We visited dilapidated tower blocks with sulky lifts, and squat blocks of flats with no lifts. It was unusual to see a child with a room of their own; they shared with siblings, parents, grandparents. Beds were unusual too – everything multifunctional, they slept on sofa beds, the bedding cleared away during the day. We coped with earth closets in falling down wooden shacks (and were grateful that the weather was dry!) and “conveniences” that were dignified with the name of lavatory, with a bin by the side. I drew the line at the public convenience in Stolin – a hut in the middle of some waste land with two doors and two holes at ground level.
We spent time with Larissa in Zhlobin, and with nine of the twelve children who visited in 2003. We spoke to mothers worried for their children’s health: thyroid problems, no energy, anaemia. We saw Inna’s grandmother, bent over with arthritis, supported on a staff. She needs a pacemaker and a hip replacement, but cannot afford either. She lives alone on a smallholding, and I watched her raking the winter debris off the strawberry patch in the company of a cat and a couple of chickens. Her food is kept in the winter cellar under the house, accessed via a homemade ladder through a trapdoor. We met Lana from 2004, and were sorry that we did not have time to travel down and visit the children who came over last year.
We visited the Sanatorium that CCLL proposes to support just outside Minsk, and were impressed with its facilities and the way the country is trying to improve the lives of the children.

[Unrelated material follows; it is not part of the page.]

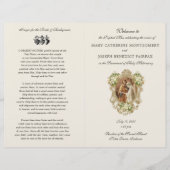 Programme de mariage de la messe latine traditionn (Devant)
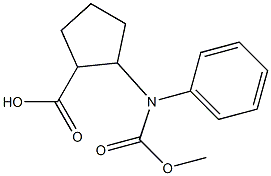 2-Benzyloxycarbonylamino-cyclopentanecarboxylic acid Structure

Most of all we saw a genuine, warm welcome. We met people we did not know and were welcomed by them. We ate too many times a day – nobody would let us leave without feeding us. We were shown around schools, the teachers dropping everything to escort us round and show us every detail. We were inundated with gifts.
It wasn’t easy to reach Belarus, or to get into the country. The officialdom doesn’t make life easy for visitors – but then it doesn’t for the citizens either! Nonetheless, the question to be answered is not whether we return, but when!